23.3.1 Update column names and CRS
# make column names small caps
fishing_areas.columns = fishing_areas.columns.str.lower()
print(fishing_areas.columns, "\n")
# -----------------------
# check CRS
print(f"raw_dist: {raw_dist.rio.crs} \nak: {ak.crs} \nfishing_areas: {fishing_areas.crs}\n")
#print(raw_dist.rio.crs == ak.crs)
# transform fishing_areas CRS to epsg:3338 (AK CRS)
fishing_areas = fishing_areas.to_crs(ak.crs)
print('CRS match:', raw_dist.rio.crs == fishing_areas.crs)Index(['objectid', 'geometry_start_date', 'geometry_end_date', 'stat_area',
       'stat_area_name', 'fishery_group_code', 'gis_series_name',
       'gis_series_code', 'region_code', 'registration_area_name',
       'registration_area_code', 'registration_area_id',
       'registration_location_abbr', 'management_area_name',
       'management_area_code', 'district_name', 'district_code', 'district_id',
       'subdistrict_name', 'subdistrict_code', 'subdistrict_id',
       'section_name', 'section_code', 'section_id', 'subsection_name',
       'subsection_code', 'subsection_id', 'coar_area_code', 'creator',
       'create_date', 'editor', 'edit_date', 'comments',
       'stat_area_version_id', 'shape_length', 'shape_area', 'geometry'],
      dtype='object') 
raw_dist: EPSG:3338 
ak: EPSG:3338 
fishing_areas: EPSG:4326
CRS match: True
23.3.2 Data selection
This data includes fine scale subdivisions of the fishing areas. We’ll be working with data from the Kodiak registration area only, so let’s select that.
# Registration areas:
print(fishing_areas.registration_area_name.unique())
# select Kodiak area
kodiak = fishing_areas[fishing_areas.registration_area_name == 'Kodiak Area' ]
print('# geometries in Kodiak area:', len(kodiak) )['Yukon Area' 'Kuskokwim Area' 'Prince William Sound Area'
 'Bristol Bay Area' 'Chignik Area' 'Kodiak Area' 'Alaska Peninsula Area'
 'Cook Inlet Area' 'Norton Sound-Port Clarence Area'
 'Arctic-Kotzebue Area' 'Aleutian Islands Area' 'Atka-Amlia Islands Area'
 'Southeastern Alaska Area']
# geometries in Kodiak area: 118
23.3.3 Plot of Kodiak fisihing area
One way to add a custom legend is to create an Patch object for each geometry in our plot.

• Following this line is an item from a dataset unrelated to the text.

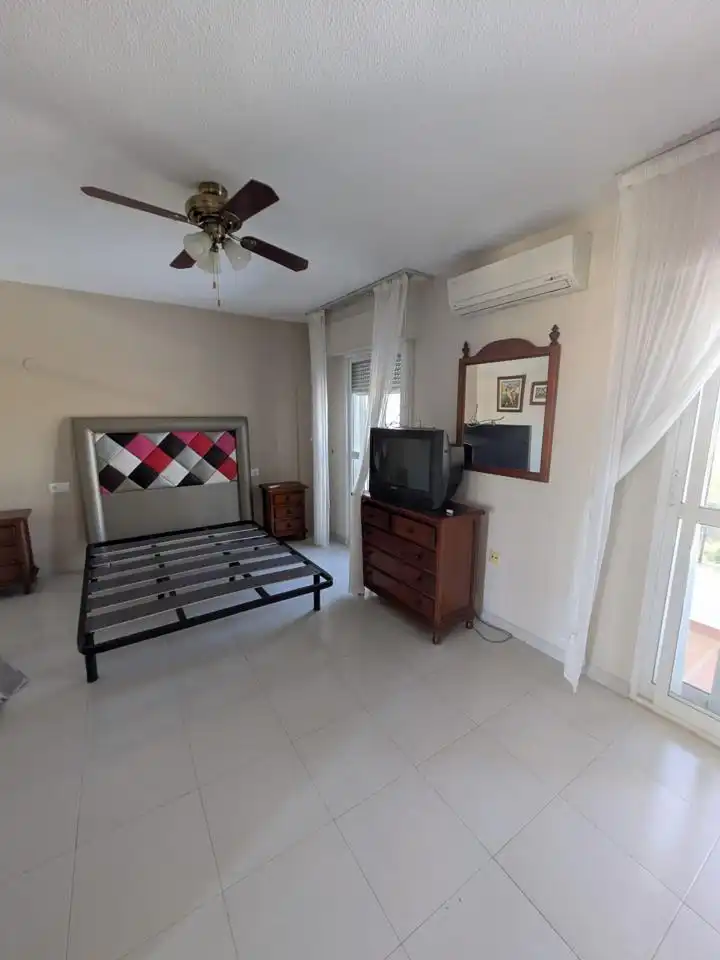 Bedroom of Houses for rent in Vélez-Málaga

We can create a Patch with a custom color and legend via the mpatches.Patch() function:
great_patch =  mpatches.Patch( color = 'great_color',
                               label = 'great_label')To add this patch to the legend we should first create an axis, for example by calling fig, ax = plt.subplots() at the beginning of our plot. Then we add great_patch to the legend:
ax.legend(handles = [great_patch])Example:
# create AK plot with color patches in legend
fig, ax = plt.subplots()
# --------------------------------------------
ak.plot(ax=ax, color = 'pink')
ak_patch = mpatches.Patch(color='pink',
                          label='Alaska, US')

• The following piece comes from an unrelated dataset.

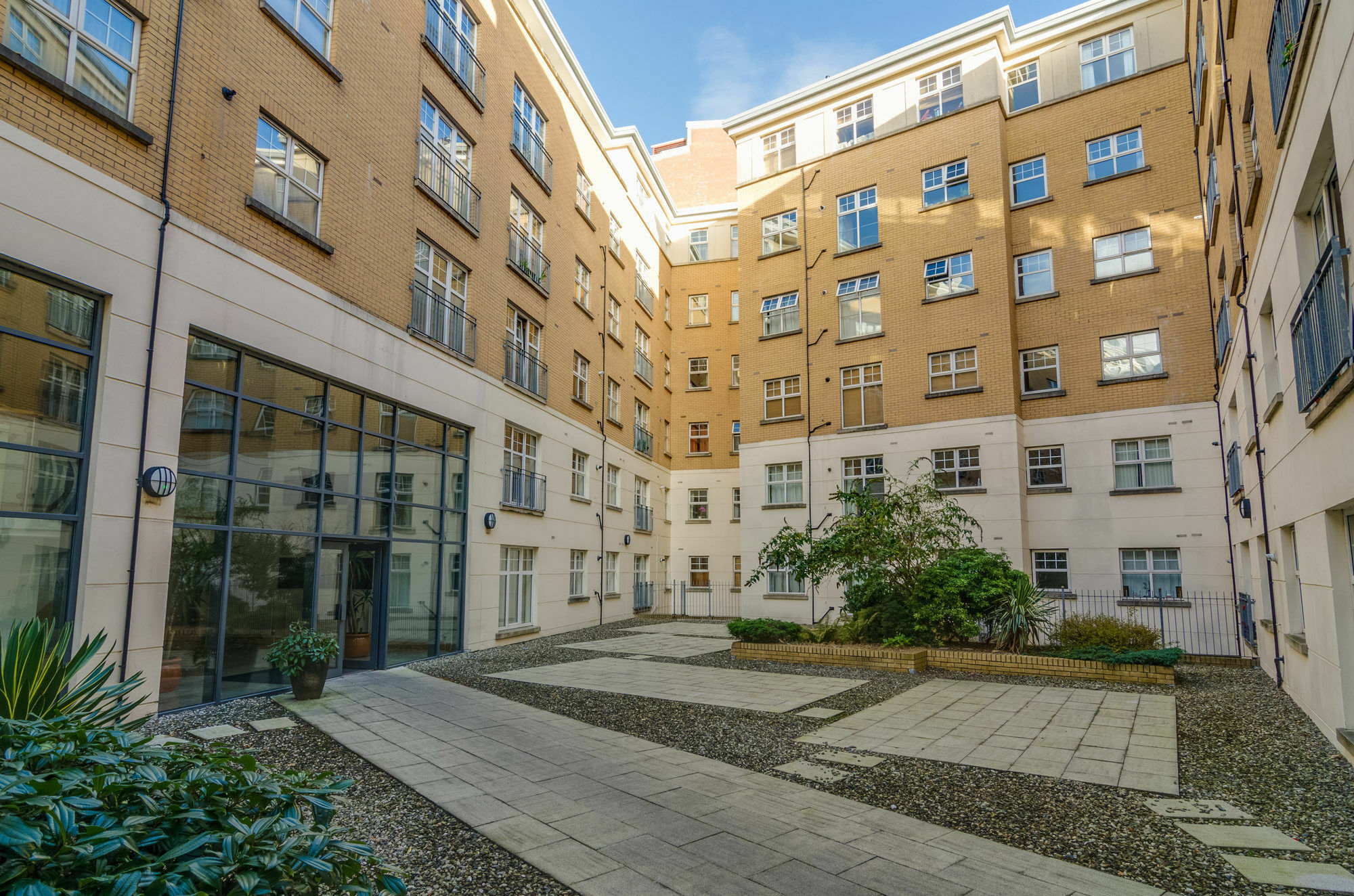 Alfred St Apartment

# --------------------------------------------
#kodiak.dissolve().plot(ax=ax, color = 'blue')
kodiak.plot(ax=ax, color = 'blue')
kodiak_patch = mpatches.Patch(color='blue',
                              label='Kodiak fishing area')

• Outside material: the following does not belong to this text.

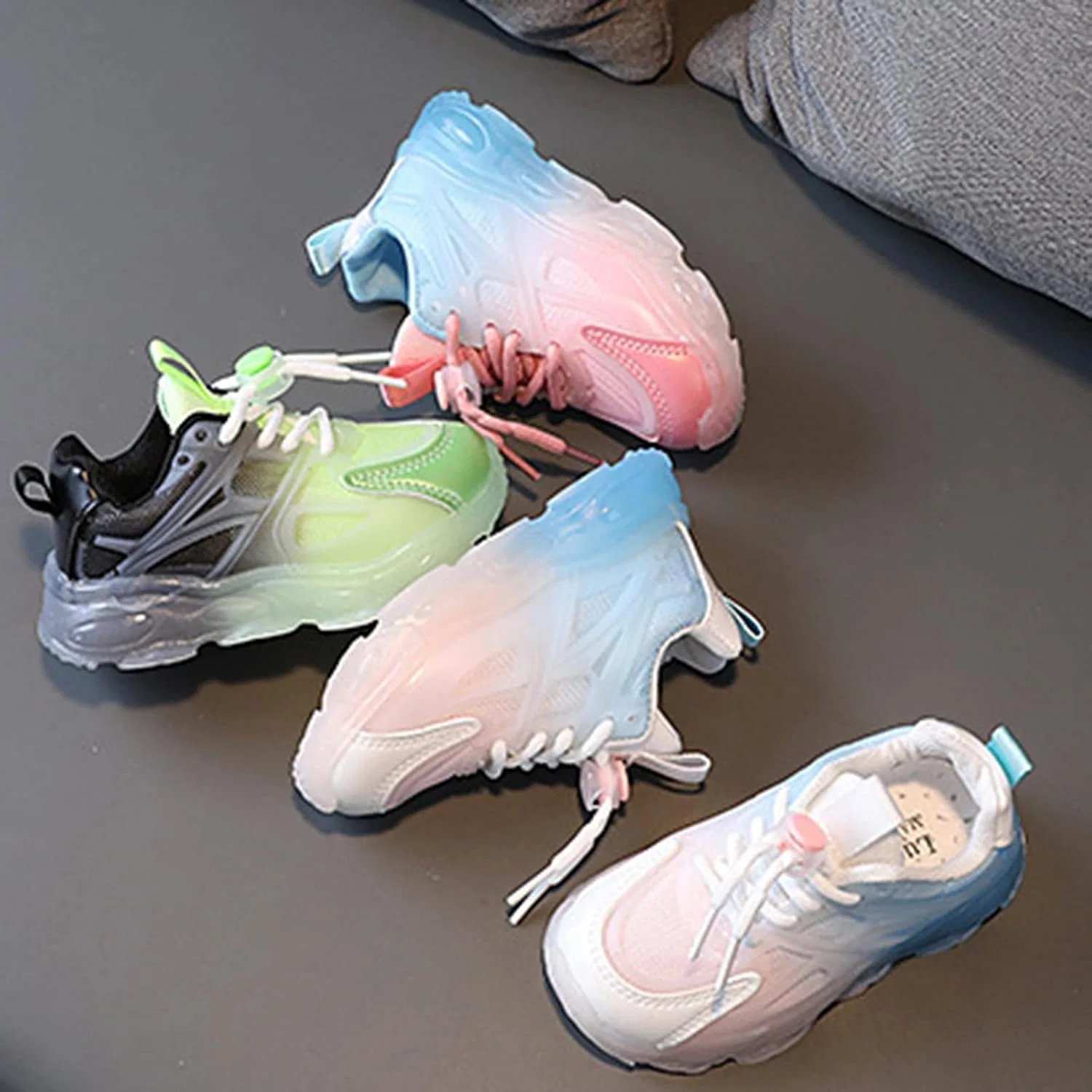 Детские кроссовки для мальчиков с подсветкой Mesh Breathable Light up Sneakers, Green — фото 2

# ------------------------------------------
# create elegend
ax.legend(handles = [ak_patch, kodiak_patch], frameon=False, loc='upper right')
plt.show()
23.3.4 Dissolve & explode polygons
The Kodiak data is too granular for our purposes: we want to get statistics on distance travelled on each fishing district.
# check number of districts and rows
print(f"number of geometries: {len(kodiak)}")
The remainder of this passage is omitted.